Auf Fotos aus dieser Zeit sieht er, mit seinem zuversichtlichen Lächeln, der behaglichen Glatze und den imposanten Zigarren, wie ein Mogul der alten Schule aus. Sein Scheckheft war unwiderstehlich, meistens jedenfalls. Als Produzent blieb er der Mentalität des Agenten verpflichtet, der Pakete aus großen oder weiland großen Namen schnürt. Drehbücher las er ungern, auch Muster schaute er sich in der Regel nicht an. Ich denke schon, dass er fürs Kino brannte, aber nicht so sehr wie für das Geld und den Ruhm.

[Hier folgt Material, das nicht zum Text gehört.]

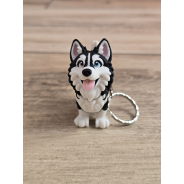 Breloczek Husky z kolorowymi Oczami 3D - Brelok Druk3d fidget Keychain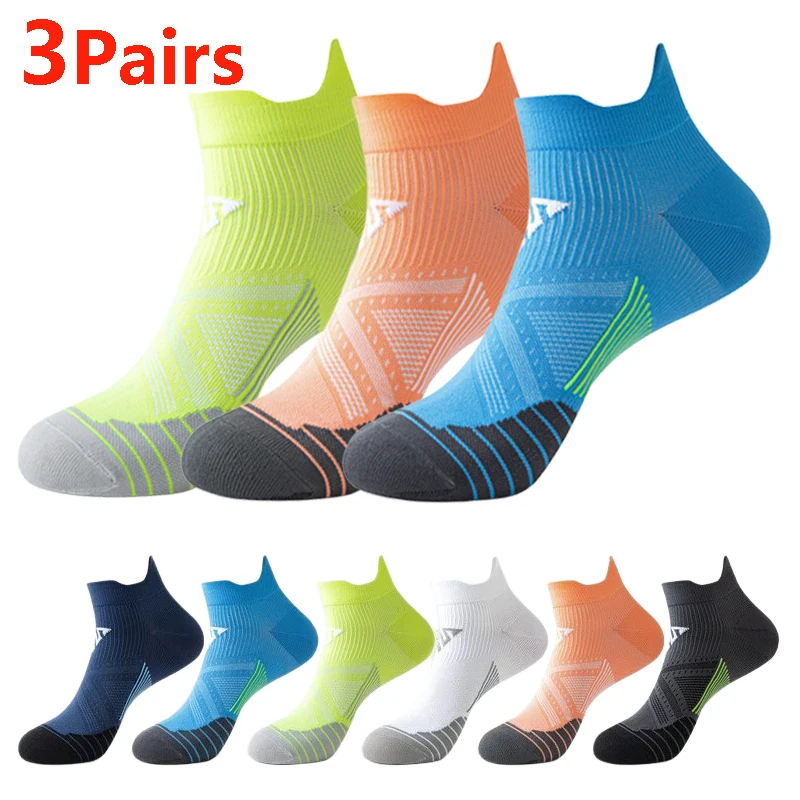 

3 Pairs Professional Running Socks Men Women Whiteline Marathon Ankle Socks Sweat Absorbing Sport Running Cycling Short Socks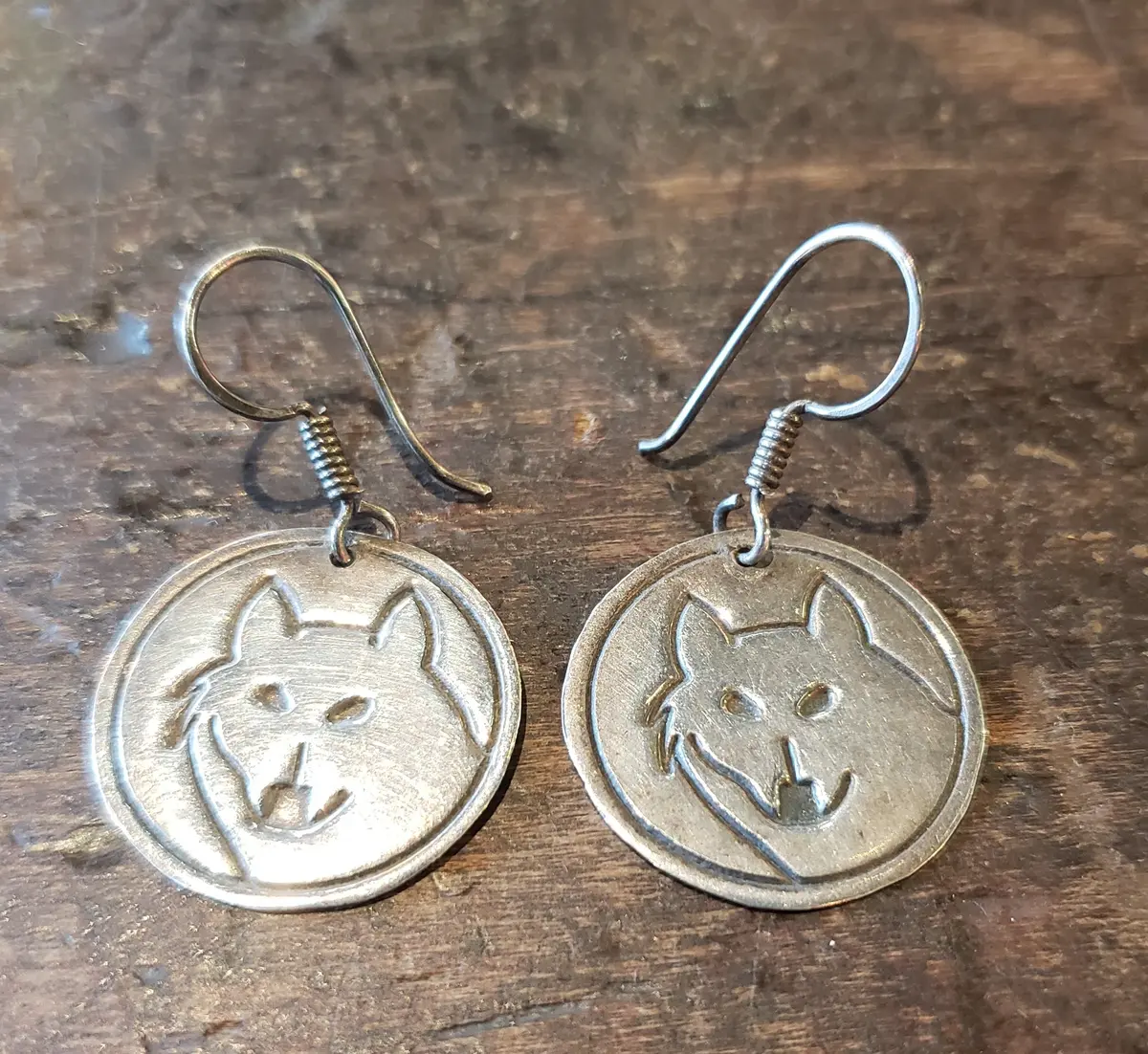 Sterling Wolf Earrings 1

Unermüdlich war er auf der Suche nach amerikanischen Partnern – niemand im Filmgeschäft flog so oft mit der Concorde wie er -, die er auch stets fand. Aber die Filme, die dabei herauskamen, liefen in Europa dann doch besser. Die fiskalische und künstlerische Bilanz seines Werks ist gemischt: Sein Geschmack war heillos erratisch.
Man wundert sich, in seiner Filmographie auch einen Titel von Ken Loach zu finden, oder dass er an zwei Bergman-Filmen beteiligt war. George Pan Cosmatos und Michael Winner lagen ihm eher. Er hatte einen Narren an Charles Bronson gefressen und ebnete den „Muppets“ (die er schon in britischen Fernsehen bekannt gemacht hatte) den Weg auf die große Leinwand. Sein Name verbindet sich mit einigen trefflichen (etwa „The Long Good Friday“ mit Bob Hoskins und Helen Mirren, den George Harrisons „HandMade“ verlieh) oder nostalgischen („Lebwohl, mein Liebling“ mit Robert Mitchum als Philip Marlowe) Genrefilmen. Die Nostalgie war ein Problem. Vielleicht war er ein Mogul allzu alter Schule, denn seine Stoffe und Besetzungslisten schienen meist aus einer früheren Epoche zu stammen, genauer: jener Zeit, in der er „nur“ Fernsehproduzent gewesen war.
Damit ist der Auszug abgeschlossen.